Reyhan teyzenin oğlu Yaşar bizi Sakarya nehri kıyısında balık tutmaya götürdü. İnanılmaz marifetliydi. Balıklar rast gelmedi ama yol boyunca sıralanmış ağaçlardan dut toplayıp yedik. Karadutlardan ellerimiz, ağzımız koyu kızıla bürünmüştü. Evin avlu kapısından içeri girerken Yaşar annesine şaka yaptı:
"Anne yetiş1 Şeftali çalarken çifteyle vurdular bunları."
Can havliyle koşan Reyhan teyze:
"Seni hınzır kuzularımı ne hale getirmişsin." Diye elinde getirdiği suyla yüzümüzü gözümüzü yıkadı.
Birkaç günlüktü ziyaretimiz.
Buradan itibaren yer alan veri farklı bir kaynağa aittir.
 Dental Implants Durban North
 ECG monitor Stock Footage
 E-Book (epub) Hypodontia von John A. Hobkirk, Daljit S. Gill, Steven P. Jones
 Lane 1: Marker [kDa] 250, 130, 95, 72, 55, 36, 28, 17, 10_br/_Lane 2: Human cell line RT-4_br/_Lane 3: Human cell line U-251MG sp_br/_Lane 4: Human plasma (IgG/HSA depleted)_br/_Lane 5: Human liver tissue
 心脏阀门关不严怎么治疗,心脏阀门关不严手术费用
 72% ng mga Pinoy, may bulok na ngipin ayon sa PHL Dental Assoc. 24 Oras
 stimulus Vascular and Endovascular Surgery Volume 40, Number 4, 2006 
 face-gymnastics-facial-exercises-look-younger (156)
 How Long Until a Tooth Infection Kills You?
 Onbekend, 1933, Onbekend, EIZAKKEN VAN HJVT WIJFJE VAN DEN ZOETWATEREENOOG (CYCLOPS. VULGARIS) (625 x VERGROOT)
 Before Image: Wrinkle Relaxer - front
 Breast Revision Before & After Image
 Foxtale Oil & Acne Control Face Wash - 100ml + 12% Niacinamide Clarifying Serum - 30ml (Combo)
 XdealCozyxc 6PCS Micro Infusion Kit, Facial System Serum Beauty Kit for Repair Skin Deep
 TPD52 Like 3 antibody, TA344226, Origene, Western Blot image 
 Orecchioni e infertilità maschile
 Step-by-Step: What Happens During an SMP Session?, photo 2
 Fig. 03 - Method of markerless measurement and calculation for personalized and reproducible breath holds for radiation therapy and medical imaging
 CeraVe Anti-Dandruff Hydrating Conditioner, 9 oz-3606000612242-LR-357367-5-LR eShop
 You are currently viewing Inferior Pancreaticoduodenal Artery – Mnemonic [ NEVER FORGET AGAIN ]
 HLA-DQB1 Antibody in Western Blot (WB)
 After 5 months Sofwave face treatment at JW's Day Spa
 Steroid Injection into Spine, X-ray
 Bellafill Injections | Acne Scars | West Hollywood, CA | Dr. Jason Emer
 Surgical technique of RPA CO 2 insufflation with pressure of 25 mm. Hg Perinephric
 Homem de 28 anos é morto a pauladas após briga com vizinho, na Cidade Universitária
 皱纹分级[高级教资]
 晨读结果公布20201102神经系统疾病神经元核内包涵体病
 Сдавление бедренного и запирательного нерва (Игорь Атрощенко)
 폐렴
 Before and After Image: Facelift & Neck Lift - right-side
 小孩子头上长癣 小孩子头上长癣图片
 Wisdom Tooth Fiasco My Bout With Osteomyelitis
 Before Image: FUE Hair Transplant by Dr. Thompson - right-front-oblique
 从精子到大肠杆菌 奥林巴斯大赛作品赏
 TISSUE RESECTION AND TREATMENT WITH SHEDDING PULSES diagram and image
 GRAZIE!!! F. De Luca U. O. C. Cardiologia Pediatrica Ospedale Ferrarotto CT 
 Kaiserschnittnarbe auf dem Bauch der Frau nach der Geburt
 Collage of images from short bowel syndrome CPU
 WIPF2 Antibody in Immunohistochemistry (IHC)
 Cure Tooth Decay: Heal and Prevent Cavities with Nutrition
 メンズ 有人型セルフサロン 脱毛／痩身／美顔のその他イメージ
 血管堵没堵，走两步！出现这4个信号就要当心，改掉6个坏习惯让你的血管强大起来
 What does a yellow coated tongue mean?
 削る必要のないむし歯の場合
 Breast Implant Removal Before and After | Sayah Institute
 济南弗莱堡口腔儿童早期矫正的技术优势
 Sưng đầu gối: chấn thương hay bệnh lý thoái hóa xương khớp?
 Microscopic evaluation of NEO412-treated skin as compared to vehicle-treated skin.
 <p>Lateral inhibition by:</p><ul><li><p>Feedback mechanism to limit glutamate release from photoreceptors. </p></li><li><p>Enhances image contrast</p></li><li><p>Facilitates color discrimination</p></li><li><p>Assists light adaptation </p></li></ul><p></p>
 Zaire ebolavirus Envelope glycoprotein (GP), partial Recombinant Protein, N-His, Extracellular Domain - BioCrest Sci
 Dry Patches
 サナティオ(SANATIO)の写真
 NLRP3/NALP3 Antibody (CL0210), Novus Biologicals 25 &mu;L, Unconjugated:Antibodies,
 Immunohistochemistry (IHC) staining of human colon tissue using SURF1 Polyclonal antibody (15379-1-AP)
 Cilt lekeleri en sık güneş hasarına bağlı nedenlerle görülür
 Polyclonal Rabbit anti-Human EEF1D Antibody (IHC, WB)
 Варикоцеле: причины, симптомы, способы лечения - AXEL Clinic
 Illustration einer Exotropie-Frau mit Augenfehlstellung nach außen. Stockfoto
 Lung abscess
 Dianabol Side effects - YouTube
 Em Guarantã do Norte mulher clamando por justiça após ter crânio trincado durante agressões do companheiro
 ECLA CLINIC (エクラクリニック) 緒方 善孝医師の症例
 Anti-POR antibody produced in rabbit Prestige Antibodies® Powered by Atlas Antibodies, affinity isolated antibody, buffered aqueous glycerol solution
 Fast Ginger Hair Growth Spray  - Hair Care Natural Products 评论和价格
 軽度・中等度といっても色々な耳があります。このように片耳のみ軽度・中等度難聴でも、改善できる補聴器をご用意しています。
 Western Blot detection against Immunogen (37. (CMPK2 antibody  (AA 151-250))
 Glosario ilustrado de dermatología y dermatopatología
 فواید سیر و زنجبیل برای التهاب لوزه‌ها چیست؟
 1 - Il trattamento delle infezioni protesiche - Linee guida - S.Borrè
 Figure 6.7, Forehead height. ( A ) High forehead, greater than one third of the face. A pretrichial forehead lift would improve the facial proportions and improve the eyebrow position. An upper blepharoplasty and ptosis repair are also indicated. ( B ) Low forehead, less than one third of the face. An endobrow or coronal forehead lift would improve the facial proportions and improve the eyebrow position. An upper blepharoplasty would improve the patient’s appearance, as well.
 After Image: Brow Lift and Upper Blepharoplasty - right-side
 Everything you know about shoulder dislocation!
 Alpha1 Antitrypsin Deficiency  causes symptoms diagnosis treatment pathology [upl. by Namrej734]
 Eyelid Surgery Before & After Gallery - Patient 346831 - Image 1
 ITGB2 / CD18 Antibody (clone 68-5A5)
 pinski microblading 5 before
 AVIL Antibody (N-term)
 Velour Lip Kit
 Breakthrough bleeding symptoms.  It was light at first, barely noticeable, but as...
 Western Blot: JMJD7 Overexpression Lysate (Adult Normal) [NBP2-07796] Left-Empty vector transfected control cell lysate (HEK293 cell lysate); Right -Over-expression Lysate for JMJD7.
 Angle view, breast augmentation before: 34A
Ama her geçen saniye ve dakikada Reyhan Adalı teyzemiz ve çocukları bir eksiğimiz olmasın diye etrafımızda pervane oldular.
Hele ki:
"Kuzum! Kuzularım!" Derken başımızı dizine koyasımız geliyordu.
Küçük yuvarlak yüzü, elmacık kemikleri gülümserken ortaya çıkan, gözleri sevecenliğin parıltılarıyla bir yakamozu andıran Reyhan teyzeyi hiç unutmadım.
Hani birisi kuzum, kuzucuklarım dese sanki Reyhan teyze koşup gelecek ve ben uzattığı incecik elini öpüp, başıma koyacağım.